Task instructions: Find the word "house" in the data. Return every line where it appears.

Data excerpts:
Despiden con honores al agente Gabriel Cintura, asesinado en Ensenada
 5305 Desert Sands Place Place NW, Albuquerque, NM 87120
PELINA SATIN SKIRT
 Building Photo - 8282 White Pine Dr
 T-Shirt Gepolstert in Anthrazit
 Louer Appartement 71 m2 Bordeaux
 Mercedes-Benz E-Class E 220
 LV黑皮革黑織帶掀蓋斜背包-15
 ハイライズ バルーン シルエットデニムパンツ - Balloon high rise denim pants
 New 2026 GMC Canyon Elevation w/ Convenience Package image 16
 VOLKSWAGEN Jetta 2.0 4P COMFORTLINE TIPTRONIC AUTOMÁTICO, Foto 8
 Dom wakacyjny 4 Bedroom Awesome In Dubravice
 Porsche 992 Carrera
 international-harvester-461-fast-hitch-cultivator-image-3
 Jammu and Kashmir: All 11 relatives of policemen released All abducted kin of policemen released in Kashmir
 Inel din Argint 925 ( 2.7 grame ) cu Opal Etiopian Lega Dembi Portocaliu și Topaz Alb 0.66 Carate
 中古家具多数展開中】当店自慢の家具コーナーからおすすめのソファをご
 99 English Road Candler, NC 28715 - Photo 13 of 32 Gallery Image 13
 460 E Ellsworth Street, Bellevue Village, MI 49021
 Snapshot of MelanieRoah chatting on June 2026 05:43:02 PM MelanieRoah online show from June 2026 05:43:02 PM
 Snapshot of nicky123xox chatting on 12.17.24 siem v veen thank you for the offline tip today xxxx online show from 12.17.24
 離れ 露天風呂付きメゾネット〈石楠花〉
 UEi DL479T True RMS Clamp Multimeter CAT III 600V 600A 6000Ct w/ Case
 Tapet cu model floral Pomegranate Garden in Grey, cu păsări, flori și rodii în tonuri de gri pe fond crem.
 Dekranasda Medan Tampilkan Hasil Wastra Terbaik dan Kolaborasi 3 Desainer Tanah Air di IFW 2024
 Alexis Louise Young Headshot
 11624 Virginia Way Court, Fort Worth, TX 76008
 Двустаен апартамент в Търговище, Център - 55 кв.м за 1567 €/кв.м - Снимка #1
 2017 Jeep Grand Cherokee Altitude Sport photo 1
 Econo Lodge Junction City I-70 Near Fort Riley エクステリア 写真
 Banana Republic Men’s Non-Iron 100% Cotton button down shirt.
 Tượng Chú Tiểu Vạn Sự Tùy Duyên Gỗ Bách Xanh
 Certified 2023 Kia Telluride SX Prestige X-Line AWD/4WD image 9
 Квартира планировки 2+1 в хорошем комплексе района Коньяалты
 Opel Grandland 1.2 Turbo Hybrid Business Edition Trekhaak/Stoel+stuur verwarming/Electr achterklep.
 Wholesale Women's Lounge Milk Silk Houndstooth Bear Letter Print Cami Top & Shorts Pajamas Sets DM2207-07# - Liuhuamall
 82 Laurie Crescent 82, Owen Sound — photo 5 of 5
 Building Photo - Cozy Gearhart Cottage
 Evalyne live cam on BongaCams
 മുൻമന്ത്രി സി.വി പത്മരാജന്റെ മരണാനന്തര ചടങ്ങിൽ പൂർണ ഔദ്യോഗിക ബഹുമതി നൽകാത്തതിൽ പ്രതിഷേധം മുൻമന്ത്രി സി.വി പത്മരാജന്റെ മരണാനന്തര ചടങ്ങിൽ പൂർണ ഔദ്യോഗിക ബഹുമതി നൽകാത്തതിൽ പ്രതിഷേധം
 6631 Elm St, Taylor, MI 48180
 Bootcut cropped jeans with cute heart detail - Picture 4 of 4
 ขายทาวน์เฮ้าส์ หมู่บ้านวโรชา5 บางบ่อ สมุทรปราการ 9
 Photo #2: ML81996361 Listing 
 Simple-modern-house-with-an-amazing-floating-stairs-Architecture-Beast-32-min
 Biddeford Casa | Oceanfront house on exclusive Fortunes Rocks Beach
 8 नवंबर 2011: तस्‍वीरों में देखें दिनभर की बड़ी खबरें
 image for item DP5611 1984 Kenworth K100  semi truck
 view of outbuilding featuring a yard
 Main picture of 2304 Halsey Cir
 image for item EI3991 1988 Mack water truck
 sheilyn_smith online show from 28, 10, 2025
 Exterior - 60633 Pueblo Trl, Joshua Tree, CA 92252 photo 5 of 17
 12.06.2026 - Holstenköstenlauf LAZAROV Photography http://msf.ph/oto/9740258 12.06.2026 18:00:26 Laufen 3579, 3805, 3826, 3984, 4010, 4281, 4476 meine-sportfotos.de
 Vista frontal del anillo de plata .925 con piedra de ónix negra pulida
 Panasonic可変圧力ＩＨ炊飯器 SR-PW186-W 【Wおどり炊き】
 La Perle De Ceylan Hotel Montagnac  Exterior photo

Problem solution:
 Simple-modern-house-with-an-amazing-floating-stairs-Architecture-Beast-32-min
 Biddeford Casa | Oceanfront house on exclusive Fortunes Rocks Beach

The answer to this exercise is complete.